In recent years, winemakers in France have been exploring new methods to determine the optimal harvest date for grapes, aiming to produce wines with specific aromatic profiles. One of the latest techniques under study is linear sweep voltammetry, a method that measures changes in the chemical composition of grape must during ripening. This approach has been tested by a team of French enologists from Vinventions and Vignerons des Coteaux Romanais, particularly in the Loire Valley, with a focus on Sauvignon Blanc grapes.

The research began in 2015 and involves weekly monitoring of grape maturity using voltammetric analysis from the end of veraison—the onset of ripening—until harvest. The process consists of collecting samples of 200 berries from both sides of vineyard rows, pressing them by hand, and analyzing the resulting juice with a potentiostat. The device applies a voltage sweep and records the current response, which reflects the presence and concentration of phenolic compounds in the grape pulp.

Traditional methods for determining harvest dates rely on measuring sugar content, pH, total acidity, and berry weight. However, these parameters do not provide direct information about the aromatic potential of the grapes or the future wine. Sensory evaluation of berries can offer some insight but is labor-intensive and impractical for large vineyards.

The voltammetric method centers on an index called Maturox, calculated from the area under the current-potential curve between 400 and 1000 mV. This index decreases as grapes accumulate sugar and their volume increases—a phase known as active sugar loading. During this period, phenolic compounds synthesized before veraison become diluted as berry size grows, leading to a drop in the voltammetric signal. When sugar loading ceases and berry growth stabilizes or reverses due to dehydration, the Maturox index reaches a minimum or begins to rise again.

To better understand these changes, researchers conducted laboratory experiments using green tea solutions as models for grape must. Green tea contains monomeric phenolic compounds similar to those found in grape pulp but lacks sugars and alcohol. By diluting tea solutions and adding varying amounts of glucose and fructose, scientists simulated different stages of berry development: initial low-sugar must, active sugar loading with increased dilution and sugar content, and post-loading dehydration with higher sugar concentration.

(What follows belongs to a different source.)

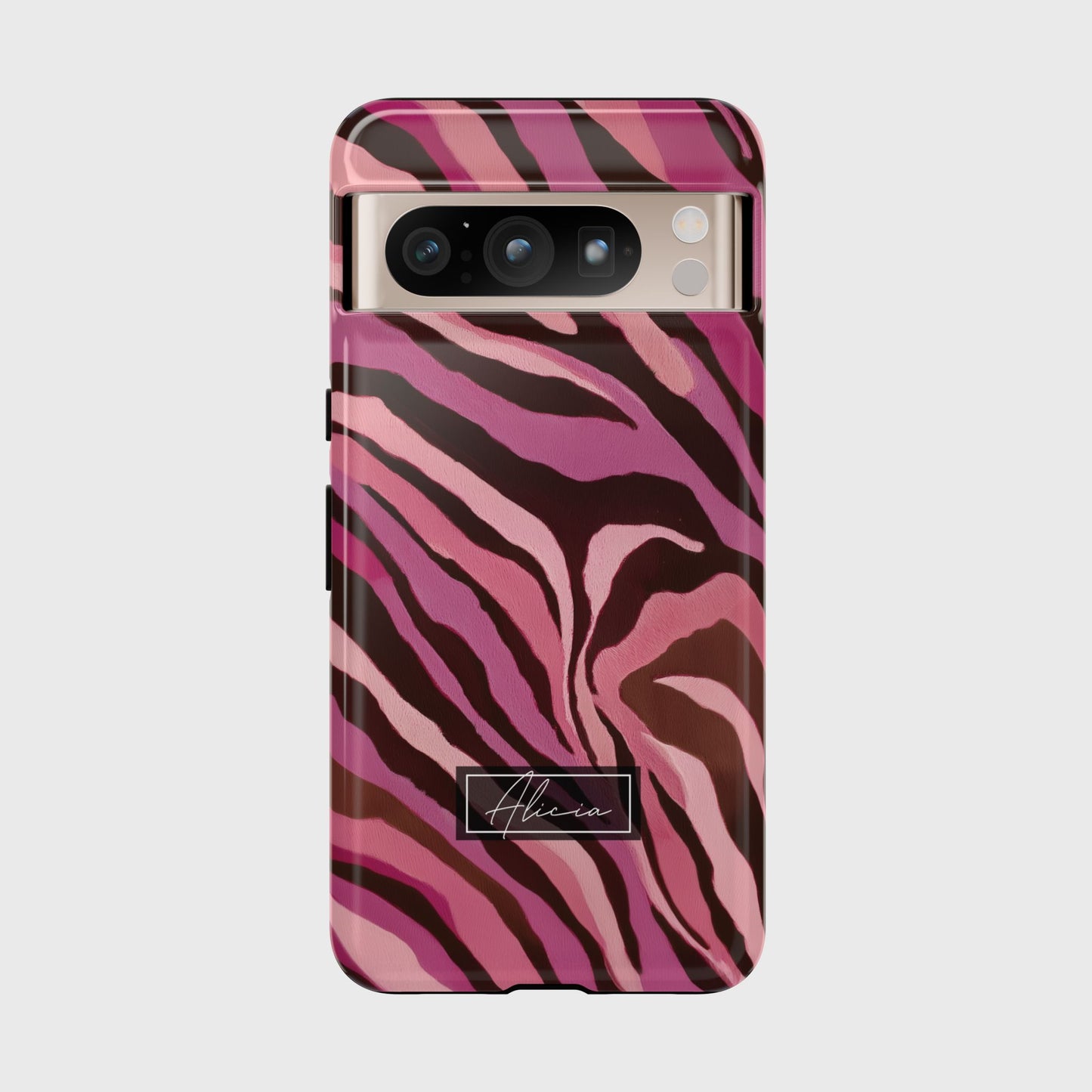 Personalisable Pink Zebra Print Design Phone Case for Google Pixel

The results showed that both dilution (mimicking berry growth) and increased sugar concentration contribute additively to lowering the voltammetric signal. The lowest signal corresponded to conditions simulating the end of active sugar loading—a key point for determining harvest timing. Further analysis confirmed that neither sugars nor acids alone produced significant voltammetric responses; rather, it was their interaction with phenolic compounds that drove changes in the Maturox index.

Field data from Mourvèdre grape parcels supported these findings. Weekly measurements revealed a consistent pattern: as berries matured, the Maturox index dropped until reaching a minimum at the end of sugar loading, then stabilized or increased slightly as dehydration set in. This minimum point aligned closely with stabilization in sugar per berry—a critical marker for winemakers seeking to control wine style.

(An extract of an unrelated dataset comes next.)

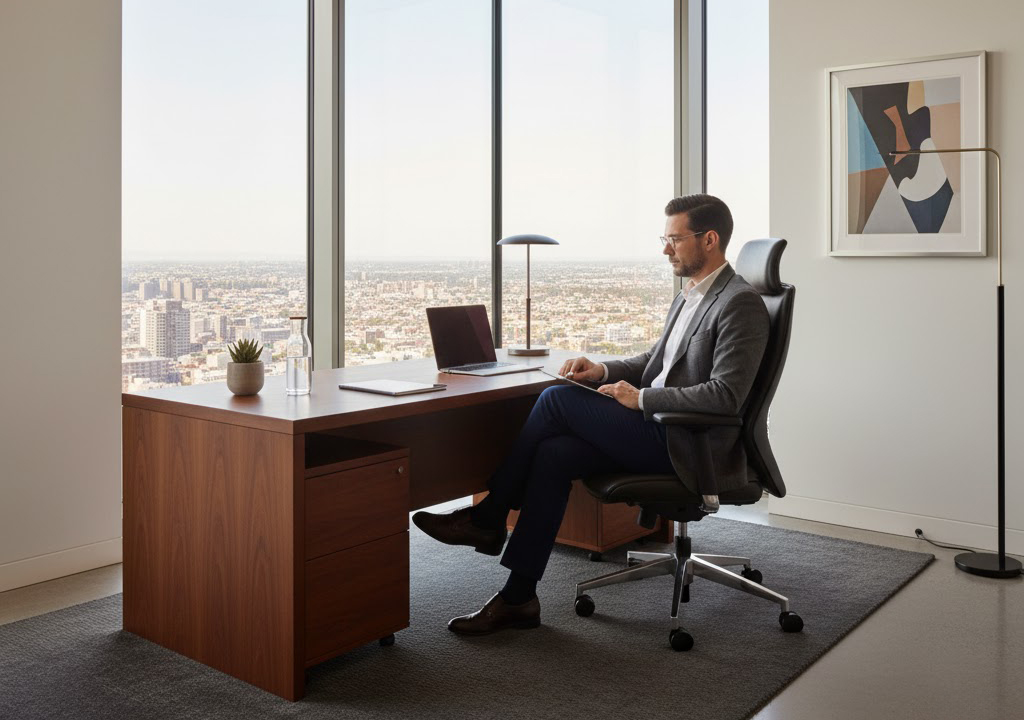 Barrister Suites Office Lease A man in a suit sits at a modern wooden desk in a bright office with large windows overlooking a cityscape. There’s a laptop, lamp, water bottle, and potted plant on the desk, and abstract art on the wall.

In practical terms, this technique allows growers to pinpoint when their grapes stop accumulating sugar actively. This moment is crucial because it marks a transition in berry chemistry that influences not only sweetness but also aromatic development. For Sauvignon Blanc in particular, subsequent research (detailed in Part 2 of the study) demonstrated that harvesting at different intervals after this minimum Maturox point yields wines with distinct aromatic profiles: fermentative or vegetal notes when picked soon after, varietal thiol (boxwood) aromas at intermediate times, and citrus-like thiol aromas when harvested later.

The adoption of linear sweep voltammetry offers several advantages for vineyard management. It requires only small juice samples and provides rapid feedback on berry maturity without complex sample preparation or expensive reagents. The method is also adaptable for physiological studies at the single-berry level.

This research highlights how advances in analytical chemistry are helping winemakers make more informed decisions about harvest timing. By linking measurable changes in grape chemistry to sensory outcomes in wine, tools like voltammetry are becoming valuable assets for producers aiming to meet consumer demand for consistent and distinctive wine styles. As climate variability continues to challenge traditional viticulture practices across Europe and beyond, such innovations may play an increasingly important role in maintaining quality and character in wines from regions like the Loire Valley.